To replicate the HTTP API, I created and uploaded the JSON documents to GitHub, which can be found here. I used their direct raw HTTP links to pull data.

The direct links to the JSON files are here:

The raw data from the various sources is then stored in the "raw" container of the Azure Data Lake Storage Gen2 Account using Azure Data Factory pipeline.

Lookup, Foreach and Switch activities are used to automate the dynamic pipeline for each dataset and data source.

Note

Lookup JSON Document

A JSON document (lookup.json) was created and uploaded to the "metadata" container of the Storage Account with all the datasets and their respective sources. A sample of this document can be found here.

The JSON raw data are stored first as it is using the Copy data activity, and then as CSV using the Data flow to ensure that the nested objects and arrays are saved properly under their respective CSV headers.

Copy data activity is also used for the raw data ingestion from the Azure SQL Database* and Microsoft SQL Server as parquet formats.

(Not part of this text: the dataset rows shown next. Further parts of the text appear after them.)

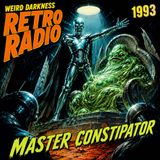 A Tyrant Robot, a Sludge Lord, and a Galaxy Full of Pleasure Rods | #RetroRadio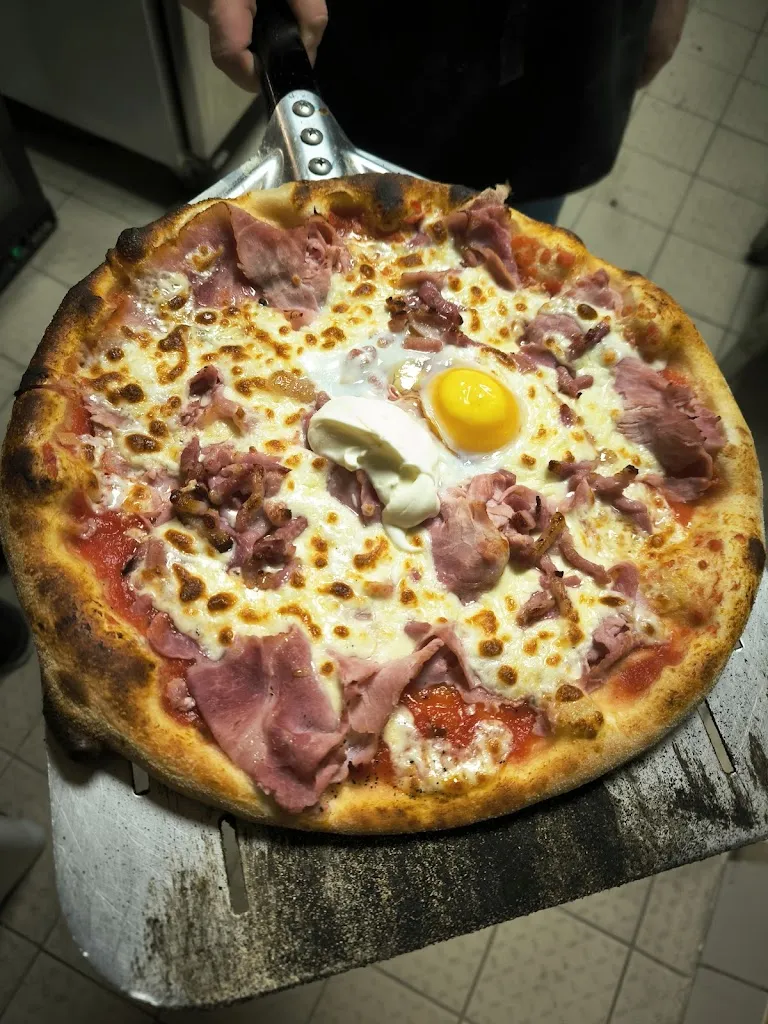 La Girafe_festa farina e pizza_Coulommiers_review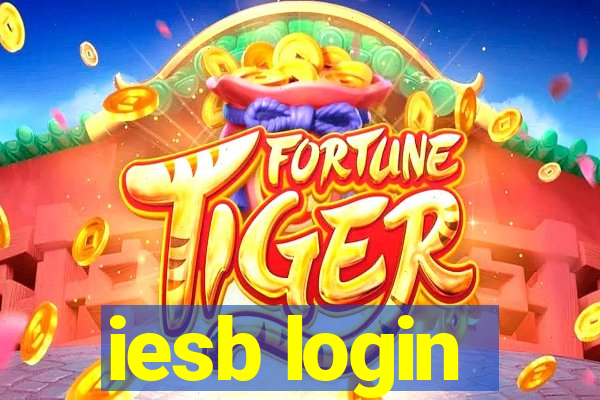 iesb login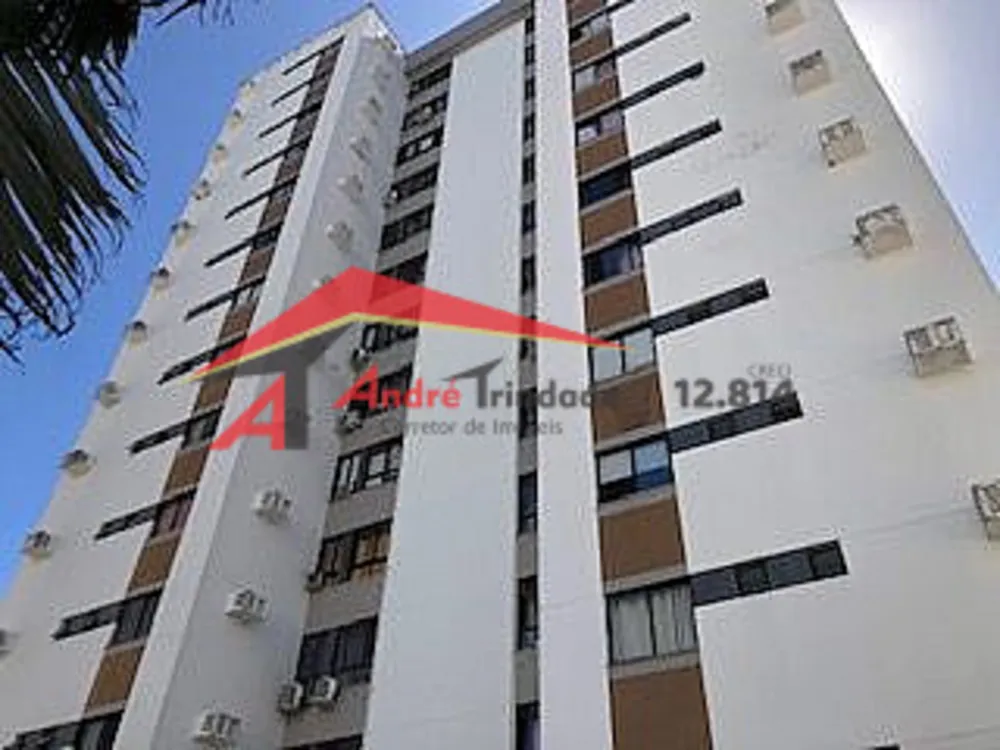 Apartamento, 4 quartos, 112 m² - Foto 1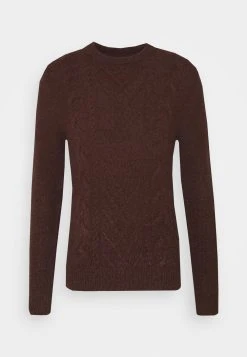 Prix d’Amis Pier One Pullover pulls et gilets col rond homme -VêtementsElite Boutique 96962b844bc7452999fb1a31ad204a06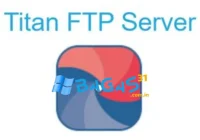 Titan FTP Server Enterprise 2019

Using PySpark in an Azure Databricks cluster, the raw data is then cleaned and stored in Delta Tables onto the "curated" container of the Storage Account.

With another Databricks cluster, ETL is performed on the Delta Tables (as per the business case scenario). The transformed Delta Tables are stored in the "staging" container.

The two Azure Databricks clusters are incorporated into the Azure Data Factory pipeline, and the parameterized pipeline is again automated using a trigger that runs at the end of each day (at 08:00 pm) with the respective values for each parameter.

Azure Synapse Analytics with a Serverless Database Pool is used to create external tables from the Delta Tables in the curated and staging containers of the Storage Account.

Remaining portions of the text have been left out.